Democratic orthodoxy was rigidly enforced. Chairmen who strayed from the script got dumped. Junior members monitored the actions of their leaders, and moved against them in the caucus.
The House Rules Committee chairman, Joe Moakley of Massachusetts, captured the Democratic attitude toward their colleagues across the aisle: “We’ve got the votes. Screw you.”
Says Ornstein: “You had a majority governing that was arrogant, complacent, condescending, and casually corrupt.”
Enter Newt. Stage right.
NEWT WRITES A SCRIPT
Gingrich was 35 when he arrived in Congress in 1978. He was brilliant, glib, audacious.
To Democrats, as then-Majority Leader Jim Wright of Texas wrote in his diary, Gingrich was “a shrill and shameless little demagogue.”
Gingrich may well have agreed. “One of the great problems we have in the Republican Party is that we don’t encourage you to be nasty,” he said. “We encourage you to be neat, obedient and loyal and faithful and all those Boy Scout words, which would be great around a campfire but are lousy in politics.”
His words rang true to a core group of younger Republicans—they called themselves the Conservative Opportunity Society—who felt, as Rep. Robert Walker of Pennsylvania put it, “increasingly frustrated” with a “Republican leadership that seemed to be more accommodationist.”
Gingrich set out to be nasty. Boy, he was good at it. He secured his place in history as the visionary leader who helped his party seize control of the House in 1994, ending 40 years in the minority. But his congressional legacy also included three ruined speakerships, a government shutdown, a disastrous presidential impeachment, the public disgrace of respected leaders from both parties, and a deep poisoning of the atmosphere in Congress.
“The pragmatism, the practical situation is that you’ve got to get votes from the other side to make anything go,” said former Rep. Bob Michel of Illinois, the man whom Gingrich succeeded as the GOP leader in the House. “Well, Newt, let’s face it. His personality wasn’t exactly that type.”
Air conditioning transformed the South. A transformed South sent Gingrich to Congress. And with Gingrich came, Polsby noted, the current “era of ill feelings.”
THE ERA OF ILL FEELINGS
Those old cronies, Wilbur Mills and John Byrnes, would not recognize today’s faster, meaner Congress. House and Senate members no longer dally in the cloakroom or on the floor, trading stories and pork-barrel projects. They are too busy tweeting their disciples, or raising money for the next campaign.
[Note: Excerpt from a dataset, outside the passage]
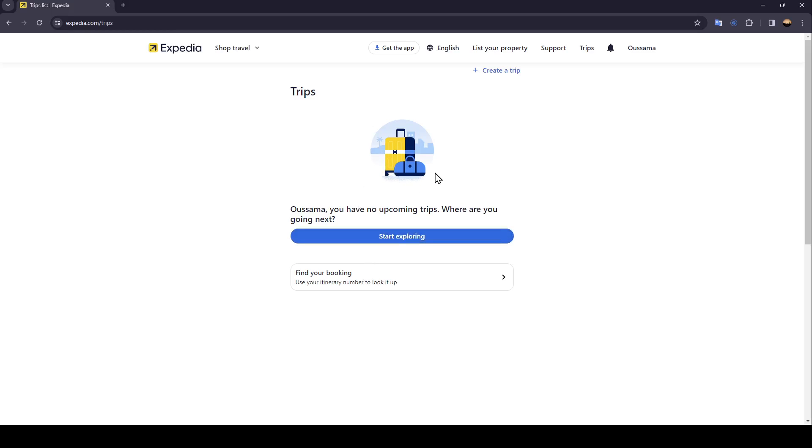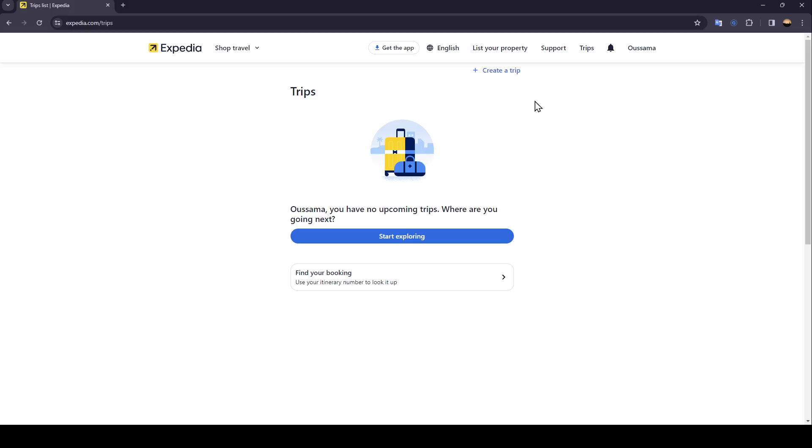But unfortunately you won't have an option to delete your past trips. The only way to do so is to change your account or just wait until you do other trips and the trip will be deleted.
And not just their own. Congressional candidates, who used to mount distinctive, personalized crusades for office, increasingly find themselves as cogs in national, parliamentary-style elections. The lucky ones draw high ratings from the national super PACS and are rewarded with a deluge of cash. In time, as they find favor with donors and lobbyists, they raise money for colleagues through their own fundraising committees.
Polarization has raised the stakes. The House has seen three “wave” elections in the past decade alone—in 2006, 2008, and 2010. Although most politics is still local, and redistricting or longtime service has insulated many members from getting tossed themselves, a shift in party control can drastically affect their influence and the success of their agenda.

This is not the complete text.